> _Provided material_:
:::

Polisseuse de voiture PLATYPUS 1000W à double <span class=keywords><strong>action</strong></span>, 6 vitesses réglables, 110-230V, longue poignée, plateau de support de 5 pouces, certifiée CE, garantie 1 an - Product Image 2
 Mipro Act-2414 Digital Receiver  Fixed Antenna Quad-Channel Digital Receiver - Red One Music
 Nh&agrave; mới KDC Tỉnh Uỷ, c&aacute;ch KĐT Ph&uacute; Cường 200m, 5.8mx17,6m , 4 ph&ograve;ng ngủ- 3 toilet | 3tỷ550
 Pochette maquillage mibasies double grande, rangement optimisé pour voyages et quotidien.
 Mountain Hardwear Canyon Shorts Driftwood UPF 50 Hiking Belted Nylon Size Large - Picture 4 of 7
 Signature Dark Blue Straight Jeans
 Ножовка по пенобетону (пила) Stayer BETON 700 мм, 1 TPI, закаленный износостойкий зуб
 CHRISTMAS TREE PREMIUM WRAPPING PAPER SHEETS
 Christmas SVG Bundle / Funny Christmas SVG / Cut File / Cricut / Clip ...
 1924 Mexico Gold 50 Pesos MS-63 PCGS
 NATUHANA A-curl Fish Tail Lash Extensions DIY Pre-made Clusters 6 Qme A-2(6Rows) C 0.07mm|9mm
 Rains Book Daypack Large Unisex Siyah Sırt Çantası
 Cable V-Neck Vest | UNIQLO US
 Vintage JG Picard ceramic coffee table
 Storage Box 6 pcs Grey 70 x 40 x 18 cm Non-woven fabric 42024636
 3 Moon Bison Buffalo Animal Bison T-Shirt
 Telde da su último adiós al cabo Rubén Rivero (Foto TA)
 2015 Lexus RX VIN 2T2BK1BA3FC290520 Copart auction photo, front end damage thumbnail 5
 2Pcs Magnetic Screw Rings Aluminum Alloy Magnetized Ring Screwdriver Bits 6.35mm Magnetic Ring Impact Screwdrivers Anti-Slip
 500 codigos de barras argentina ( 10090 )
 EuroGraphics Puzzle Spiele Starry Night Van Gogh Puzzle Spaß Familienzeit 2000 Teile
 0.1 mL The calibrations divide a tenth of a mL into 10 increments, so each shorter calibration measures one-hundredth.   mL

:::

> _Task_: The answer must consist solely of the lines from the first line of the data to the line holding "Nh&agrave; mới KDC", each given again exactly.

> _Exercise answer_:
Polisseuse de voiture PLATYPUS 1000W à double <span class=keywords><strong>action</strong></span>, 6 vitesses réglables, 110-230V, longue poignée, plateau de support de 5 pouces, certifiée CE, garantie 1 an - Product Image 2
 Mipro Act-2414 Digital Receiver  Fixed Antenna Quad-Channel Digital Receiver - Red One Music
 Nh&agrave; mới KDC Tỉnh Uỷ, c&aacute;ch KĐT Ph&uacute; Cường 200m, 5.8mx17,6m , 4 ph&ograve;ng ngủ- 3 toilet | 3tỷ550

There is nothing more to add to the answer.